(What to produce)
Give the data again exactly as it appears.

(Dataset records)
☆ ☆ ☆ ☆ ☆ ☆ ☆
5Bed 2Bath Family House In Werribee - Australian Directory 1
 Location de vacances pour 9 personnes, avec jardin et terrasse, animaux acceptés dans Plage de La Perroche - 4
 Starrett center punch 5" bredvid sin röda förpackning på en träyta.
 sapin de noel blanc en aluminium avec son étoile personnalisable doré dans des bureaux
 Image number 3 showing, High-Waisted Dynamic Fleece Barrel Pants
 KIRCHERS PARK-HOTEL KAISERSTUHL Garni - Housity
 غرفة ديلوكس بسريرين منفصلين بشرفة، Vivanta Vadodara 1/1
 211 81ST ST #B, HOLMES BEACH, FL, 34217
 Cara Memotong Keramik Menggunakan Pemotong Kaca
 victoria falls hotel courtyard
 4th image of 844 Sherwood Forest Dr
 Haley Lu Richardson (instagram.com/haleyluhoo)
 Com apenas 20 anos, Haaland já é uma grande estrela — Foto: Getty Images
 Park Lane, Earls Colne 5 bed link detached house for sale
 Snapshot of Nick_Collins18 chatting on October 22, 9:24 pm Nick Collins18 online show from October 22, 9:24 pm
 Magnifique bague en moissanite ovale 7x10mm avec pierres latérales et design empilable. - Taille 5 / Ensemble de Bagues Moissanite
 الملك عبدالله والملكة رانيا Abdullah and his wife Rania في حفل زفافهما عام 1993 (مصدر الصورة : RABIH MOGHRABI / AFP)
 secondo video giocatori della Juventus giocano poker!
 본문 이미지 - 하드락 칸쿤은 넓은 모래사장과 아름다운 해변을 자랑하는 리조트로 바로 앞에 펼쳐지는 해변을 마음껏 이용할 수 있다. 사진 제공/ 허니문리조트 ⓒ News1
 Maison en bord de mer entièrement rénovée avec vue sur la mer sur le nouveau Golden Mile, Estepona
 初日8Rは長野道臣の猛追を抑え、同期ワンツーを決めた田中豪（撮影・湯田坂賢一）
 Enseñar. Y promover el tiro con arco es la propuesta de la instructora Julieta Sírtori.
☆ ☆ ☆ ☆ ☆ ☆ ☆
(Answer to this problem)
5Bed 2Bath Family House In Werribee - Australian Directory 1
 Location de vacances pour 9 personnes, avec jardin et terrasse, animaux acceptés dans Plage de La Perroche - 4
 Starrett center punch 5" bredvid sin röda förpackning på en träyta.
 sapin de noel blanc en aluminium avec son étoile personnalisable doré dans des bureaux
 Image number 3 showing, High-Waisted Dynamic Fleece Barrel Pants
 KIRCHERS PARK-HOTEL KAISERSTUHL Garni - Housity
 غرفة ديلوكس بسريرين منفصلين بشرفة، Vivanta Vadodara 1/1
 211 81ST ST #B, HOLMES BEACH, FL, 34217
 Cara Memotong Keramik Menggunakan Pemotong Kaca
 victoria falls hotel courtyard
 4th image of 844 Sherwood Forest Dr
 Haley Lu Richardson (instagram.com/haleyluhoo)
 Com apenas 20 anos, Haaland já é uma grande estrela — Foto: Getty Images
 Park Lane, Earls Colne 5 bed link detached house for sale
 Snapshot of Nick_Collins18 chatting on October 22, 9:24 pm Nick Collins18 online show from October 22, 9:24 pm
 Magnifique bague en moissanite ovale 7x10mm avec pierres latérales et design empilable. - Taille 5 / Ensemble de Bagues Moissanite
 الملك عبدالله والملكة رانيا Abdullah and his wife Rania في حفل زفافهما عام 1993 (مصدر الصورة : RABIH MOGHRABI / AFP)
 secondo video giocatori della Juventus giocano poker!
 본문 이미지 - 하드락 칸쿤은 넓은 모래사장과 아름다운 해변을 자랑하는 리조트로 바로 앞에 펼쳐지는 해변을 마음껏 이용할 수 있다. 사진 제공/ 허니문리조트 ⓒ News1
 Maison en bord de mer entièrement rénovée avec vue sur la mer sur le nouveau Golden Mile, Estepona
 初日8Rは長野道臣の猛追を抑え、同期ワンツーを決めた田中豪（撮影・湯田坂賢一）
 Enseñar. Y promover el tiro con arco es la propuesta de la instructora Julieta Sírtori.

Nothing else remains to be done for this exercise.